Selasa, Oktober 15


Jakarta

Internet mulai masuk di Amazon. Tetapi malah membuat suku pedalaman malas dan kecanduan pornografi.

Melansir New York Post, Minggu (9/6/2024), internet lewat layanan Starlink mulai tiba di Suku Marubo yang beranggotakan 2 ribu orang. Fasilitas itu membuat suku pedalaman di tengah hutan hujan itu dapat terhubung dengan dunia maya.

“Ketika layanan ini tiba, semua orang merasa senang,” ujar Tsainama Marubo (73).


“Namun, kini keadaan semakin memburuk. Anak-anak muda menjadi malas karena internet, mereka mempelajari cara-cara orang kulit putih,” sambungnya.

Suku Marubo adalah suku yang tradisional. Seorang suku tersebut, Alfredo Marubo, mengatakan bahwa ia cemas dengan hadirnya layanan itu. Internet cepat itu disebut dapat menjungkirbalikkan standar kesopanan.

Alfredo mengatakan banyak pria muda Marubo kini berbagi video porno dalam obrolan grup. Dan dia mengamati ada lebih banyak perilaku seksual yang agresif pada beberapa di antaranya.

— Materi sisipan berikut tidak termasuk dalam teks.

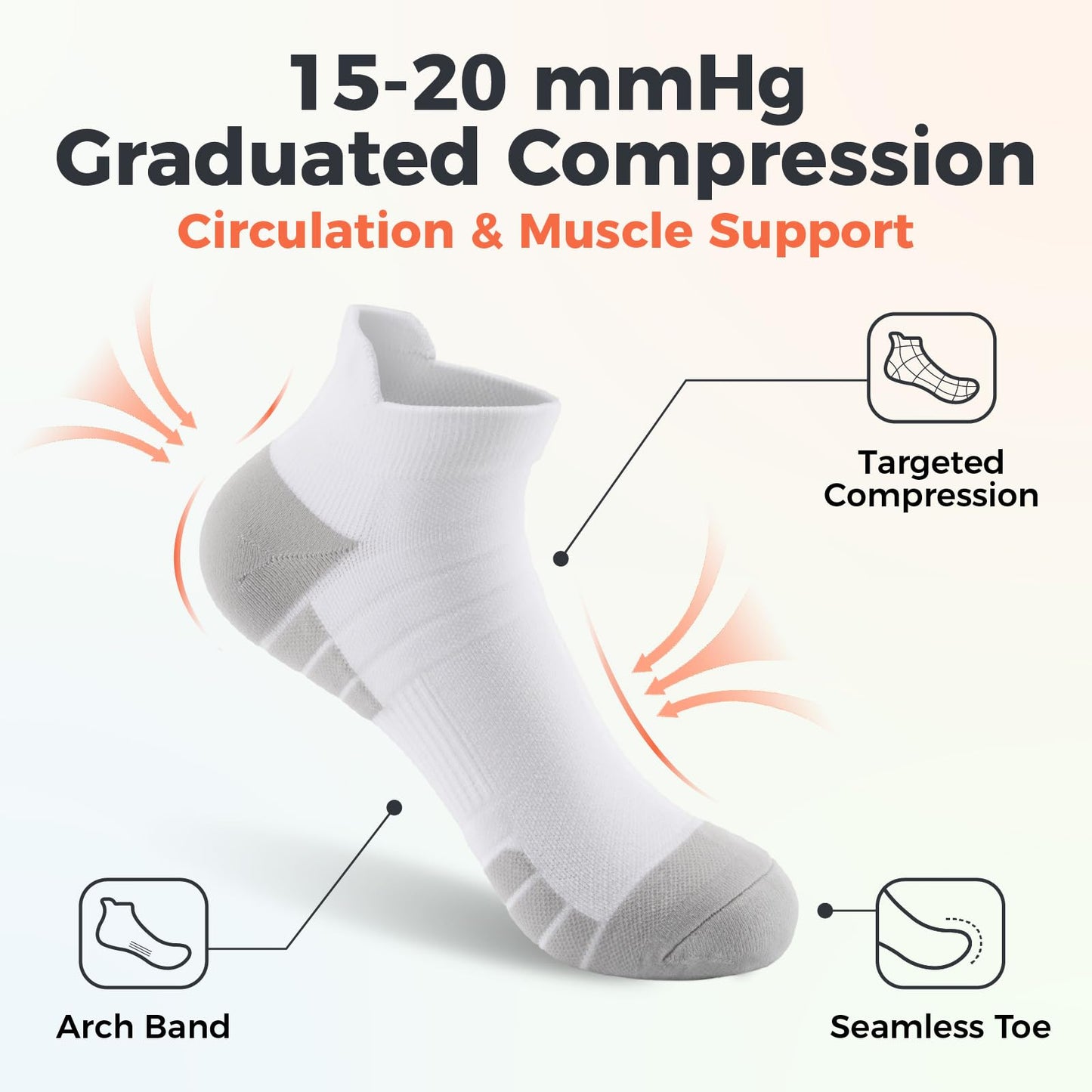 musesox Ankle Compression Socks for Women and Men,Low Cut Compression Running Socks with Arch Support(6 Pairs) Best for Sports,Workout,Travel,Daily,Black,White,Gray,Unisex,Large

“Kami khawatir anak-anak muda akan ingin mencobanya,” ucapnya terkait aksi sekes nyeleneh yang tiba-tiba muncul.

“Semua orang begitu terhubung sehingga terkadang mereka bahkan tidak berbicara dengan keluarga mereka sendiri,” keluhnya yang menanggapi banyak pemuda suku itu mulai malas saat ini.

Adapun Starlink adalah salah satu perusahaan milik Elon Musk yang menghubungkan internet melalui 6 ribu satelit yang mengorbit rendah. Dengan tanpa kabel fiber optik dan sejenisnya, orang dapat menikmati internet di mana dengan Starlink, bahkan hingga di pedalaman.

Alat itu disumbangkan oleh pengusaha Amerika, Allyson Reneau, kepada suku pedalaman Amazon. Awalnya, hadirnya internet itu untuk kebutuhan konektivitas, seperti menghubungi pihak berwenang atau untuk meminta bantuan dalam keadaan darurat.

Selain itu, para anggota juga dapat berbagi sumber daya pendidikan dengan suku-suku Amazon lainnya dan terhubung dengan kerabat yang tinggal di tempat lain.

Hadirnya internet pun membuat suku pedalaman memiliki referensi kehidupan di dunia luar. Seperti seorang remaja mengatakan bahwa dia sekarang bermimpi untuk keliling dunia, sementara yang lain bercita-cita menjadi seorang dokter gigi di Sao Paulo.

“Hal ini mengubah rutinitas saya sehingga merugikan. Di desa, jika anda tidak berburu, menangkap ikan, dan menanam, anda tidak akan makan,” ucap Enoque Marubo (40).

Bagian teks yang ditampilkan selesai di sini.